→ Assigned task
Repeat exactly the line that contains "BREVI AUTO SEDISTE" and every line below it to the end of the material, omitting all others.

--- Material provided Enclosed Below ---

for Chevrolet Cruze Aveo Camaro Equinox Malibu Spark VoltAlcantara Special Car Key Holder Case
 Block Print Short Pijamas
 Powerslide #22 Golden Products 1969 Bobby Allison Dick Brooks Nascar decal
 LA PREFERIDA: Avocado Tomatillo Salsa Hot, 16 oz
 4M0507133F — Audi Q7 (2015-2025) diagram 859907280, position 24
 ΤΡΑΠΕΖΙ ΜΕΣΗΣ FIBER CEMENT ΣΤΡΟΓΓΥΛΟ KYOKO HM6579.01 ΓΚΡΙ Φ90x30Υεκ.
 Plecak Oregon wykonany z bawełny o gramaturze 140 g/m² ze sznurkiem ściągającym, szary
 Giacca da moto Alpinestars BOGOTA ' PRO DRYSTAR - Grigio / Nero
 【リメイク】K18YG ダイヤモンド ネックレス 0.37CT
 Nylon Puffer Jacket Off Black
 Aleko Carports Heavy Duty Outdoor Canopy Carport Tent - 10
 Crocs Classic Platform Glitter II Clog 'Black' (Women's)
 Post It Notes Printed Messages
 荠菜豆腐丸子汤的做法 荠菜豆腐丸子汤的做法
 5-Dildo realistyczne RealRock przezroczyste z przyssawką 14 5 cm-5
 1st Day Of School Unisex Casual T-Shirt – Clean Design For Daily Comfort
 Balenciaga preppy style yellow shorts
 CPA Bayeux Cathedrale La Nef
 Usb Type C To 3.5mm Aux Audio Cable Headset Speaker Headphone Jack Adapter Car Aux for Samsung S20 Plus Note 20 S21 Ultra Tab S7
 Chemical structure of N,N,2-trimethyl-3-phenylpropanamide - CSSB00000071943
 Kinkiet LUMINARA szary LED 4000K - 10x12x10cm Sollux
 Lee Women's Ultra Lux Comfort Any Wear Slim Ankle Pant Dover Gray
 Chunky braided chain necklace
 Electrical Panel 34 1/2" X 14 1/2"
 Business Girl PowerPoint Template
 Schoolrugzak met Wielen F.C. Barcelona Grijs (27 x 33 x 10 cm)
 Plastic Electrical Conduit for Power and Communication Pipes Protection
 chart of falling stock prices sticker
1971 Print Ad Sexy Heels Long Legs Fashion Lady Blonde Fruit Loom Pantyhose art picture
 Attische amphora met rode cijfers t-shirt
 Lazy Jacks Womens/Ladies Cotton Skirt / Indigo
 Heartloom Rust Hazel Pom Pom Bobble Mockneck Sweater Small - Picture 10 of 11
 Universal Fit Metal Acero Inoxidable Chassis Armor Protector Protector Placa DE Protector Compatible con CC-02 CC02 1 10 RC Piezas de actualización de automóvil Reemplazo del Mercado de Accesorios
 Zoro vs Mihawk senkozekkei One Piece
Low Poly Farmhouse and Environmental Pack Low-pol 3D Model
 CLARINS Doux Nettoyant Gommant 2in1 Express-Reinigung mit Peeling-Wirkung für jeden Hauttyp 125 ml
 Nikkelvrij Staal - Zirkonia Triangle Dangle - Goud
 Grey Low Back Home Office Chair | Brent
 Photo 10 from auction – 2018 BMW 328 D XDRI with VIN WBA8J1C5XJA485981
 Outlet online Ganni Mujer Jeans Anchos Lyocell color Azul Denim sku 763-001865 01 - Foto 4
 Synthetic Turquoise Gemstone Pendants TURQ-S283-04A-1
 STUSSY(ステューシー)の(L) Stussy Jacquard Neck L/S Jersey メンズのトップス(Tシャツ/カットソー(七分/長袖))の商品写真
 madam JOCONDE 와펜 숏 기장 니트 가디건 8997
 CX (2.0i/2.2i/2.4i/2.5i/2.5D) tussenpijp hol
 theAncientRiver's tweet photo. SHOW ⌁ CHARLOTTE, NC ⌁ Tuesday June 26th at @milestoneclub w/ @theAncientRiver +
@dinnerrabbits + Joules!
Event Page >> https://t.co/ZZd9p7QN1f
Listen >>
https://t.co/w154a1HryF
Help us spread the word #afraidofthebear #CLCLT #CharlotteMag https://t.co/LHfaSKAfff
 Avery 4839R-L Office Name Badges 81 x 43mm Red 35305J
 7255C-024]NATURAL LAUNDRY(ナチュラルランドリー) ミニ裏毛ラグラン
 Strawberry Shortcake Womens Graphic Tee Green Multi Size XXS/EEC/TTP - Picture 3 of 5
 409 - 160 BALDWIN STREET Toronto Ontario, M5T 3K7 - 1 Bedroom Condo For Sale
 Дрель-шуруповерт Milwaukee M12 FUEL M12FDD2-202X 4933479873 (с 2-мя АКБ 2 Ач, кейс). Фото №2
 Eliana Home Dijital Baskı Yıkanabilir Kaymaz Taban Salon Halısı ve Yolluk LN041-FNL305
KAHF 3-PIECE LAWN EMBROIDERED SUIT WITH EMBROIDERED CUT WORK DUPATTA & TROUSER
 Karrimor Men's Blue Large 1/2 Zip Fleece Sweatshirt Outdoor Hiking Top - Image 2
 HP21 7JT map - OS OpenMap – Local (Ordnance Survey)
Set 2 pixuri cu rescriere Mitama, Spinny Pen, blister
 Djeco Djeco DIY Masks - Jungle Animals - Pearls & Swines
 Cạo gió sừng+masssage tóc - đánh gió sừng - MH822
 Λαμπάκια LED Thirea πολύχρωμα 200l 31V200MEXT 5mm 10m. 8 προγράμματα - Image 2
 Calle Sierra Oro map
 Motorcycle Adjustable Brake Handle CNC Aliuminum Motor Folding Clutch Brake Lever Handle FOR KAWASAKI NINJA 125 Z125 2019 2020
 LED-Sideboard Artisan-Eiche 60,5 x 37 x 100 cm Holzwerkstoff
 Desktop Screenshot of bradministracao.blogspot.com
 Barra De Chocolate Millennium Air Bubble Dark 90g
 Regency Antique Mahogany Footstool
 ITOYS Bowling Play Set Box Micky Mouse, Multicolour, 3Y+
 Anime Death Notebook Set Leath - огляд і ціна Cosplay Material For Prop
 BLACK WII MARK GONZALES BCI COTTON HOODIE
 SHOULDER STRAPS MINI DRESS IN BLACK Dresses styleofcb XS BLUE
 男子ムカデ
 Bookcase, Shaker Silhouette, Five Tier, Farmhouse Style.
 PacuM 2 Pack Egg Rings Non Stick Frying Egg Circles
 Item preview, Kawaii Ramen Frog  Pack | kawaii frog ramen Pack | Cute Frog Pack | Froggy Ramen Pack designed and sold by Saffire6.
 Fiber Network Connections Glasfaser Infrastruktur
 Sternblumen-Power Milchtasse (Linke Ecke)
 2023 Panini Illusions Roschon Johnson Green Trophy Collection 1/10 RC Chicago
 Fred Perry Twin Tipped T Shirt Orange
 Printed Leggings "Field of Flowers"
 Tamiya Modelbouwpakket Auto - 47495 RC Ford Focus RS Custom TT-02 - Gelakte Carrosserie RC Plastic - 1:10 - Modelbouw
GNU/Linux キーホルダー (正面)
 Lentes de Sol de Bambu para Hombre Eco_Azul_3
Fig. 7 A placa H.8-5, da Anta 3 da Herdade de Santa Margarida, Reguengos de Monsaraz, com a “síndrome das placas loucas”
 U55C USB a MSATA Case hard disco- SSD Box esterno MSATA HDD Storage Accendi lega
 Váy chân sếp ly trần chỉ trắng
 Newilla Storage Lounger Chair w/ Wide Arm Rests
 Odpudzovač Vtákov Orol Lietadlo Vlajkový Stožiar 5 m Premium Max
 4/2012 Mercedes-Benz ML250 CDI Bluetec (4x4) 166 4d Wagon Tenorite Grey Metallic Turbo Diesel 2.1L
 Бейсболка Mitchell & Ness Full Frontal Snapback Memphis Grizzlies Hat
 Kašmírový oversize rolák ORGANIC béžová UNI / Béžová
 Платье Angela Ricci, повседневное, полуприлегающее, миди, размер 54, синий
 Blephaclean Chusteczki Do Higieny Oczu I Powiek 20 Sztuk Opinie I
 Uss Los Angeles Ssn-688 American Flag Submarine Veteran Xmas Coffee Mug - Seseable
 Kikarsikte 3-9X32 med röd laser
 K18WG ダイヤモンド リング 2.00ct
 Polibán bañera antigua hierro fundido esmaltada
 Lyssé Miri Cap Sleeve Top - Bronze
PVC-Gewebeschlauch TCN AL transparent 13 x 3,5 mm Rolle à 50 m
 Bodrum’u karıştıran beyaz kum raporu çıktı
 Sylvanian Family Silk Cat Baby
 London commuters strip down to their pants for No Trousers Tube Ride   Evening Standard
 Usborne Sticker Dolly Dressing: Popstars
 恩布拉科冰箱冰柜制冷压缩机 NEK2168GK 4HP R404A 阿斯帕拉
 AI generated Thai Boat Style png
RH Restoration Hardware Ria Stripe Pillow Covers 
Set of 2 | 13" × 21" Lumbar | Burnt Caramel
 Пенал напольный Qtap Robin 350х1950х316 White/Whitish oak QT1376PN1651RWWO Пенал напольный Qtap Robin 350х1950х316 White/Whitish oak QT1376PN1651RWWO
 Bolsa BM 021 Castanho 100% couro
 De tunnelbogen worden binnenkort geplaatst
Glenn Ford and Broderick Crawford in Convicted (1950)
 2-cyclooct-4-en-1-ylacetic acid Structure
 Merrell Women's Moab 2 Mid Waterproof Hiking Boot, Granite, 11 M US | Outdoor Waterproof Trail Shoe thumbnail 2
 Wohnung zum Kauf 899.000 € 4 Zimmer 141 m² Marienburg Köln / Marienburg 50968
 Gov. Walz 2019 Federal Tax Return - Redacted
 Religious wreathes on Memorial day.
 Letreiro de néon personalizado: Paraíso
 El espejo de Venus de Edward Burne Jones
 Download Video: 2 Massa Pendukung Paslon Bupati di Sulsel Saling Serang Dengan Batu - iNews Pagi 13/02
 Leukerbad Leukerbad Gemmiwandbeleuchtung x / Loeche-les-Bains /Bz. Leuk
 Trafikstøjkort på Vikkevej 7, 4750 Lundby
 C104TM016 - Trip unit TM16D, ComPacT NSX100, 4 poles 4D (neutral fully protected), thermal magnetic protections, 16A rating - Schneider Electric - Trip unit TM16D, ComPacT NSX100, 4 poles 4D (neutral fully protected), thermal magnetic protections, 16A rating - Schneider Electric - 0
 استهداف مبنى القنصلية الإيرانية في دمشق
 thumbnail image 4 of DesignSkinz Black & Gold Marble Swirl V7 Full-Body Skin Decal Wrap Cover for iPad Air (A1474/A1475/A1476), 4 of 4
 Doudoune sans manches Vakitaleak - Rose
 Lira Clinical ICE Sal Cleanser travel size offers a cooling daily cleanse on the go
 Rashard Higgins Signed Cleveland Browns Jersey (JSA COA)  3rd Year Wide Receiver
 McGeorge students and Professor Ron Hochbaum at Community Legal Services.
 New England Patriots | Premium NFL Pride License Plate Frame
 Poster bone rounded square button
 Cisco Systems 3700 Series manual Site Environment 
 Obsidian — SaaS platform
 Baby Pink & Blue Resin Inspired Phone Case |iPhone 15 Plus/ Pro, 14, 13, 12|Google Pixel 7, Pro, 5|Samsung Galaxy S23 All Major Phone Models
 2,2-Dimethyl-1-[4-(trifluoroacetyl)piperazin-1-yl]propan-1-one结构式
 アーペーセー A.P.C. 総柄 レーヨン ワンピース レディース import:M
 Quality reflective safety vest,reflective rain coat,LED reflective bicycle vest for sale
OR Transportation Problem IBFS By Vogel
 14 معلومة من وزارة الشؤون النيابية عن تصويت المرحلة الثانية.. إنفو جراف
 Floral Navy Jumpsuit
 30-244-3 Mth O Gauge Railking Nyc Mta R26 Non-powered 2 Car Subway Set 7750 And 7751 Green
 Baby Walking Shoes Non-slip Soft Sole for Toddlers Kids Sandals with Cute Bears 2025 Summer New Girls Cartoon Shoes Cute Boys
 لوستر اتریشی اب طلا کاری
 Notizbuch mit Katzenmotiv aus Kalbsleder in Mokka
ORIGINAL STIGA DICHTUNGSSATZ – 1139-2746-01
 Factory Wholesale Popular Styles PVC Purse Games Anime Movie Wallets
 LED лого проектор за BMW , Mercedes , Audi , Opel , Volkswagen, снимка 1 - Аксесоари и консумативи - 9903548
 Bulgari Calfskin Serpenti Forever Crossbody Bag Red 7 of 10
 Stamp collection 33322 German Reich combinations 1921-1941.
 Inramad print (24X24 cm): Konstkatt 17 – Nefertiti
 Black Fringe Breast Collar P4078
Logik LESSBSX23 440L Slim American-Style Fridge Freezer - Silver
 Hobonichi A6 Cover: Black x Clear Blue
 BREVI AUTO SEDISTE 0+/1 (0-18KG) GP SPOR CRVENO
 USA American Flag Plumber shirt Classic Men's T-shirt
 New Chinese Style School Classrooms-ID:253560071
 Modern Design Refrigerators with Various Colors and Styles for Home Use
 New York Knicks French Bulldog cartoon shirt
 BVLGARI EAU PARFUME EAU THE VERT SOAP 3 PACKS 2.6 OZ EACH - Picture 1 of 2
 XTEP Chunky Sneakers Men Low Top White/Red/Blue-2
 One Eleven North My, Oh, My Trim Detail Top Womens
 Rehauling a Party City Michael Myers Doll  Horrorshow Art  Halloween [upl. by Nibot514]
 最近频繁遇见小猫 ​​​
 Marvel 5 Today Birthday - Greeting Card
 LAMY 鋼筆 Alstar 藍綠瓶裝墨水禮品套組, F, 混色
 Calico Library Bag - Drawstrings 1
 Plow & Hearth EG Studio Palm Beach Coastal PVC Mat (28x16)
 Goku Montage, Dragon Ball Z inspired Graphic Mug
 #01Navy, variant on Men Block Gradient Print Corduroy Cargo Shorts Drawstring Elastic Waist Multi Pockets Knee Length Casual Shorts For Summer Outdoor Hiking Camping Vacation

--- End of Enclosed Material provided ---

→ Expected answer
 BREVI AUTO SEDISTE 0+/1 (0-18KG) GP SPOR CRVENO
 USA American Flag Plumber shirt Classic Men's T-shirt
 New Chinese Style School Classrooms-ID:253560071
 Modern Design Refrigerators with Various Colors and Styles for Home Use
 New York Knicks French Bulldog cartoon shirt
 BVLGARI EAU PARFUME EAU THE VERT SOAP 3 PACKS 2.6 OZ EACH - Picture 1 of 2
 XTEP Chunky Sneakers Men Low Top White/Red/Blue-2
 One Eleven North My, Oh, My Trim Detail Top Womens
 Rehauling a Party City Michael Myers Doll  Horrorshow Art  Halloween [upl. by Nibot514]
 最近频繁遇见小猫 ​​​
 Marvel 5 Today Birthday - Greeting Card
 LAMY 鋼筆 Alstar 藍綠瓶裝墨水禮品套組, F, 混色
 Calico Library Bag - Drawstrings 1
 Plow & Hearth EG Studio Palm Beach Coastal PVC Mat (28x16)
 Goku Montage, Dragon Ball Z inspired Graphic Mug
 #01Navy, variant on Men Block Gradient Print Corduroy Cargo Shorts Drawstring Elastic Waist Multi Pockets Knee Length Casual Shorts For Summer Outdoor Hiking Camping Vacation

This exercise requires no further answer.